* [Brief]: What you should give back is a precise copy of the lines below from the one containing "Portão de garagem" through the one containing "14469 Jacinto Ramos Ave #14469 — Photo 32", with no pictures.

* [Data supplied]:
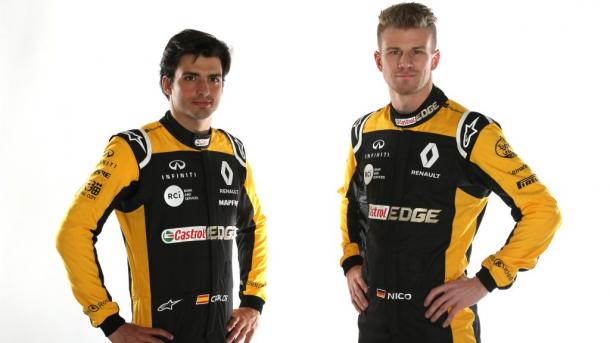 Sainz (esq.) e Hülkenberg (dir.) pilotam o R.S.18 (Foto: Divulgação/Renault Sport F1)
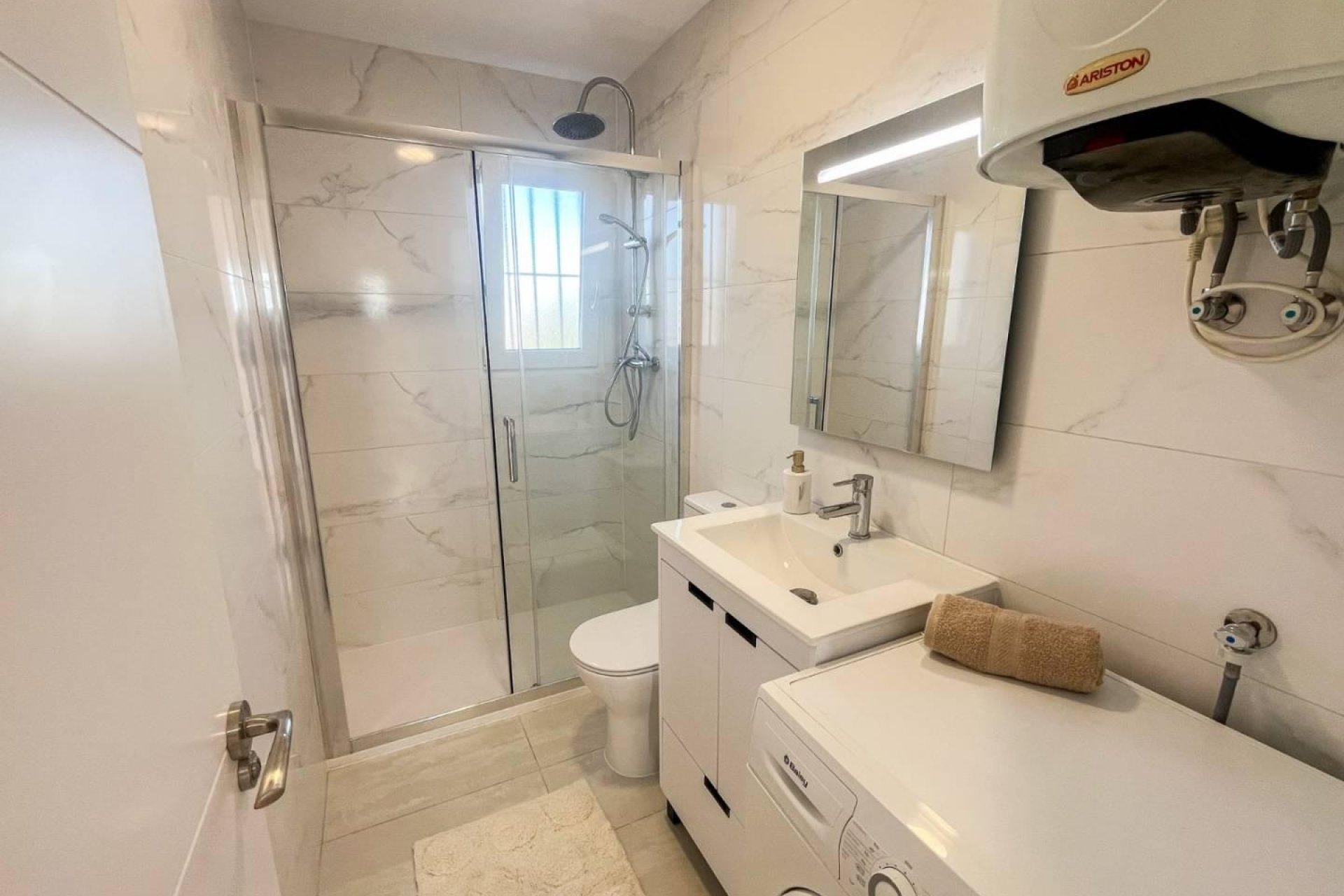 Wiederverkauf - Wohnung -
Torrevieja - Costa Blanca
---
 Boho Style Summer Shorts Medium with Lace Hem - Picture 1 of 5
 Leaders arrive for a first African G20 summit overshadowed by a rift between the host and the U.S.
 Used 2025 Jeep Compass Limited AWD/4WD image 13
---
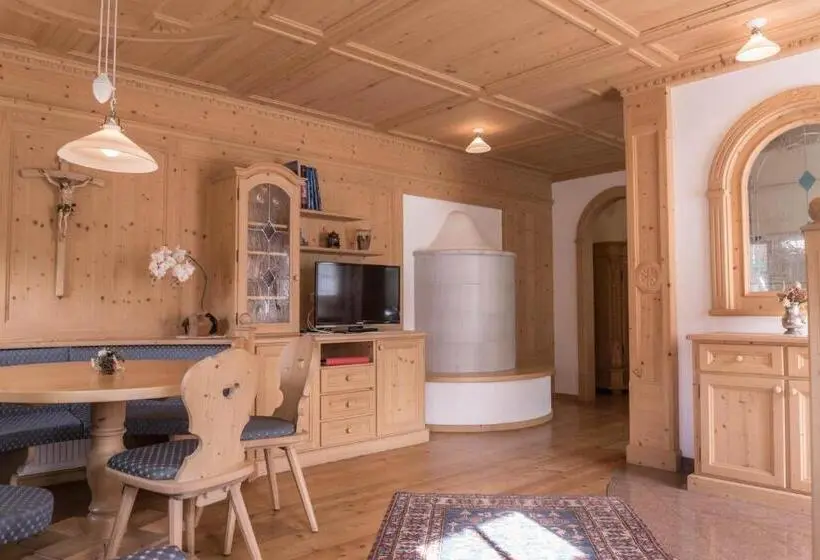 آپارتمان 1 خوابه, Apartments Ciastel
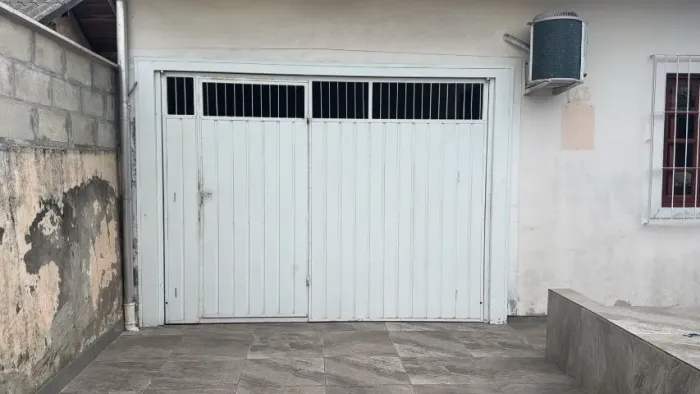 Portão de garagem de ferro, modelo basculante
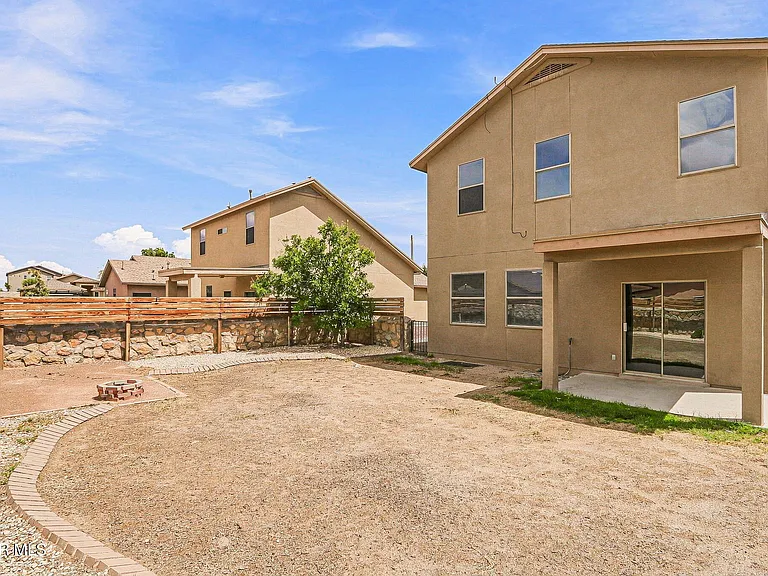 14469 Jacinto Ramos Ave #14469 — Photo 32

* [Worked solution]:
 Portão de garagem de ferro, modelo basculante
 14469 Jacinto Ramos Ave #14469 — Photo 32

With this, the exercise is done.